When you're using your broker's trading application, most likely you'll see the ask price when you go to place an order. You'll often see the bid price and the ask price listed along with the stock price in any screen where you're placing an order or viewing more in-depth information about the stock. These bid and ask prices are set by the market makers handling orders. As seen in the example to the left, sometimes the specific exchange used to pool the orders (in this case, ARCX) is also shown. |
Technically speaking, the bid-ask spread fluctuates similarly to the stock prices themselves. So the bid-ask spread you see when placing an order is more like a snapshot in time. When the market maker actually matches orders up, the bid-ask spread for any specific match may differ slightly. These are details managed entirely within the market maker’s systems, and they’re rarely of concern to a retail trader.
Orders and Bid-Ask Spread
When you place an order to buy or sell a stock, market makers will try to match based on the bid-ask spread.
For example, if you place a buy order with a limit price of $100, market makers will try to find someone willing to sell at a lower price to match the order, so they can profit off the bid-ask spread.
When the market maker finds a match for a given order, the trade is executed: cash trades hands, and so do shares of the stock.
Exercises
- A stock is listed at $100 and the bid-ask spread is $0.25. John wants to sell shares at $100 each. What price is the market maker looking for a buyer at?
- A stock has a bid price of $50 and an ask price of $51. What is the bid-ask spread?
Settlement
When the market maker executes the trade, it enters the settlement period.
- Money trades hands: from the buyer to the market maker, and from the market maker to the seller. This happens transparently; buyers and sellers don’t actually interact with the market maker directly.
- Shares are taken from the seller and given to the buyer. The buyer becomes a shareholder of record when the shares are delivered.
The trade is not considered final until the buyer receives the shares and the seller receives cash, both of which may take some time.
Historically these exchanges would mean delivering actual paper stock certificates, or some other similar note indicating ownership, to the buyer and cash to the seller. That took time, and so there was always a settlement period. In modern times cash is transferred instantly. The use paper certificates of stock (or other securities) is a rarity–most records are kept electronically. For a long period of time the settlement period for stocks was 5 days.
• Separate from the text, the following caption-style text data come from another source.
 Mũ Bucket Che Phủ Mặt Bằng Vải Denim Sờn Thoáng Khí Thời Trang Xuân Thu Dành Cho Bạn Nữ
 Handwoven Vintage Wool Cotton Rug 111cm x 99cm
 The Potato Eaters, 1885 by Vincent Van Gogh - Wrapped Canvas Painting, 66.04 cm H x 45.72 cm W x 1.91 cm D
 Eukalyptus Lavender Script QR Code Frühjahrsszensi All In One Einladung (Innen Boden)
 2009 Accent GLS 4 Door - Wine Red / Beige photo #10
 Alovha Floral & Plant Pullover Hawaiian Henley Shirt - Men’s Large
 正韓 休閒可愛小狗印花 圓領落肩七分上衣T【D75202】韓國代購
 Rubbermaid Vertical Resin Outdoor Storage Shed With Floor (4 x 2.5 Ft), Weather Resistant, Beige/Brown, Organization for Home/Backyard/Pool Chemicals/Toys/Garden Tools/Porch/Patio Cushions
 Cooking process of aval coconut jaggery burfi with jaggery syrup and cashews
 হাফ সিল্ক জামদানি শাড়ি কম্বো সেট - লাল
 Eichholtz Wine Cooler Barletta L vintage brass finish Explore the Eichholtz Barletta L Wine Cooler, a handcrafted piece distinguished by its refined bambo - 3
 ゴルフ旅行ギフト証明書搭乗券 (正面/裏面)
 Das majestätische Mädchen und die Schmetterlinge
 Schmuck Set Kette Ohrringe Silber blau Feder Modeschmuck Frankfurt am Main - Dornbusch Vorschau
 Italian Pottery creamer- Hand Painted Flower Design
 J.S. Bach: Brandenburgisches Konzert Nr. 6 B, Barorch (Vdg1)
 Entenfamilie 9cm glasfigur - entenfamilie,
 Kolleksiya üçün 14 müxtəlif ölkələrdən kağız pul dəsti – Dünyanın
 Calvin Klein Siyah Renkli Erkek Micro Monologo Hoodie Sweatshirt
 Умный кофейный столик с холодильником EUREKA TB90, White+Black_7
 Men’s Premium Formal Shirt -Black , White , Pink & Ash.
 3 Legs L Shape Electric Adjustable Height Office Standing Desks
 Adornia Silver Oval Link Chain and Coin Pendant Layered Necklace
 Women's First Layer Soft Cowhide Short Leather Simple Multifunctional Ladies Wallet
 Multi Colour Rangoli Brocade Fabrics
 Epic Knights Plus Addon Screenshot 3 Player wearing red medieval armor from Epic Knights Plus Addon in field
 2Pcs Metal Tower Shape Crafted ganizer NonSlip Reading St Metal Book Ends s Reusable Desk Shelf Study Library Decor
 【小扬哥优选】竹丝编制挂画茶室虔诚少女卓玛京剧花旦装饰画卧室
In 1993 the SEC (Securities and Exchange Commission) reduced it to 3 days, and today it is 2 days.
The settlement period is sometimes denoted with a capital T and a number indicating the number of business days to settlement of a trade. For example, “T+2” indicates that the settlment date is 2 days after the date of the trade.
The trade is considered final after the settlement period. The date this occurs is the settlement date.
For stocks, currently the settlement date is always 2 business days after the trade. Even though cash is transferred instantly, it is not considered “settled” until the settlement date.
Examples:
- If you buy a stock on Monday, the settlement date is Wednesday.
- If you buy a stock on Thursday, the settlement date is the next Monday.
The SEC sets rules, and some brokers have their own additional rules, for trading with cash received before the settlement period ends (known as “unsettled cash”). Your broker may not even allow you to trade (i.e. buy) with cash that isn’t settled.
Exercises
- Kevin buys 30 shares of TSLA (Tesla) for $175 each. and Robert is on the selling side of the trade. Kevin makes his purchase on Tuesday. On what day will Robert receive his cash? On what day is the trade considered settled?
- There is a market for bonds which have a T+4 settlement period. If Alicia buys a bond on Wednesday, on what day will she be the owner of record of the bond?